Какой нужен опыт, чтобы понять роман-эпопею? Лев Толстой «Война и мир»
При этом также понятно, что есть тексты, которые трудно воспринимать человеку без личного опыта. Хотя тут тоже мы вступаем в темные воды. Какой нужен личный опыт, чтобы понять «Войну и мир»? Надо воевать? Надо родить детей? А человек, который никогда не воевал, никогда не будет рожать детей, — ему запретить читать Толстого? Сколько должно быть лет читателю? Вы говорите, 16, 15 мало. А 25? а 38? Кто вообще может судить об этом?
Классика хороша тем, что мы ее перечитываем каждый жизненный цикл — и каждый жизненный цикл находим что-то новое. Я вам скажу, что я и «Крокодила» перечитываю каждый раз с новым ребенком, и каждый раз что-то новое интересное нахожу. Это свойство качественного текста.

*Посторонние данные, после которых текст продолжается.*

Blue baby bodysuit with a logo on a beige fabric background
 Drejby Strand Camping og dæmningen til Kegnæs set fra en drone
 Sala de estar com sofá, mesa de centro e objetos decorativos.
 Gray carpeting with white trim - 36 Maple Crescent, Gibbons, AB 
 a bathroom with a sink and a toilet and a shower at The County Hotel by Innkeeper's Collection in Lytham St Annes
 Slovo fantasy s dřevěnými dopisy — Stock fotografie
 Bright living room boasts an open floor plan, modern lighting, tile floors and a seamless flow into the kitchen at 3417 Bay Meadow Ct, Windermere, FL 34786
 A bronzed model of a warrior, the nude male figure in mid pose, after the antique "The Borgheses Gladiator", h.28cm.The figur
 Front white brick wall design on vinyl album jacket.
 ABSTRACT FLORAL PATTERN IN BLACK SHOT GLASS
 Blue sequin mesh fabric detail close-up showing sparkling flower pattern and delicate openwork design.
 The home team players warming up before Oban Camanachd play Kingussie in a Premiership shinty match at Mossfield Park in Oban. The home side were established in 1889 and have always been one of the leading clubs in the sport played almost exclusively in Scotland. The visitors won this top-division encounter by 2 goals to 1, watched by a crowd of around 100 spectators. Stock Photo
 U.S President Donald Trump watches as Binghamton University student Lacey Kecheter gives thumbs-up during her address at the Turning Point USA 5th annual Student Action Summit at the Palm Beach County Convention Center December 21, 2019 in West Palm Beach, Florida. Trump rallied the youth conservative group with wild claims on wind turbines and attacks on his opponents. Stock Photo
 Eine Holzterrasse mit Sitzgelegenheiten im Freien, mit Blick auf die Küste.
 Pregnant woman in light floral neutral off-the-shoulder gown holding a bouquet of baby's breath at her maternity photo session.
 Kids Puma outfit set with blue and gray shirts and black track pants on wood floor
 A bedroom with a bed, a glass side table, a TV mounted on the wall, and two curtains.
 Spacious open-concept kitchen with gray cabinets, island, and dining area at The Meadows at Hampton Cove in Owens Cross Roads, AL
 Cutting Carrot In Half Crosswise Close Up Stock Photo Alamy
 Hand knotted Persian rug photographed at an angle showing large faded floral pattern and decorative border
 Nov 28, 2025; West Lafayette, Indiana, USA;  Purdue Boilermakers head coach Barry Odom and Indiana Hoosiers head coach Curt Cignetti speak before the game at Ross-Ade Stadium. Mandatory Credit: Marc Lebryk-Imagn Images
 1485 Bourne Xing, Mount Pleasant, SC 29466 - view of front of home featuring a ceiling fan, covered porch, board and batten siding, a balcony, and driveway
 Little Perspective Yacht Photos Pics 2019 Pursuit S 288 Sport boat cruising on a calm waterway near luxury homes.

Самое время перечитать культовую сказку и найти что-то новое. Корней Чуковский «Крокодил»
Поэтому, «если бы директором был я», что бы я сделала: оставила тех же авторов, но поменяла произведения. Я не верю, что дети травмируются текстами. Тут я несколько расхожусь с нынешней моралью. Я понимаю, что им может навязнуть в зубах какая-то тягомотина, которую они просто не в силах разжевать. Поэтому — я не учитель литературы, и у меня нет педагогического образования, поэтому мои советы носят дилетантский характер — я бы оставила тех же авторов, но посмотрела бы, что в их наследии для детей может быть более удобоваримо.

Лайт-Достоевский — еще не такой жуткий, но с его основными темами. Федор Достоевский «Бедные люди»
Мне кажется, что «Преступление и наказание», например, если брать Достоевского, — вещь тяжелая. Хотя все его произведения тяжелые и все посвящены суициду, педофилии, изнасилованиям и иным тяжким и особо тяжким насильственным преступлениям. Это его тема, он про это пишет. Но какие-нибудь «Униженные и оскорбленные», может быть, пойдут детям чуть-чуть полегче. Или — еще лучше — «Белые ночи», «Бедные люди». Это такой лайт-Достоевский: еще не настолько жуткий, каким он стал после каторги, но при этом Достоевский — уже понятны его основные темы, его язык, его обстановка — петербургская нищета. Таким образом дети будут знать, что в принципе такой автор существует.
Про Гоголя мы с вами говорили: «Тараса Бульбу», мне кажется, лучше детям не показывать. А «Вечера на хуторе близ Диканьки» — отлично. Там тоже будет антисемитизм, грубые шутки и всякая дикость, но надо объяснить детям, что это фольклор и у него такие жанровые законы. В сказках тоже в конце со злой мачехой чего только не делают, особенно если братьев Гримм читать — волосы становятся дыбом. Но дети понимают, что это не рекомендации, как им себя вести с непонравившимся родственником, а отражение древних народных представлений о справедливости.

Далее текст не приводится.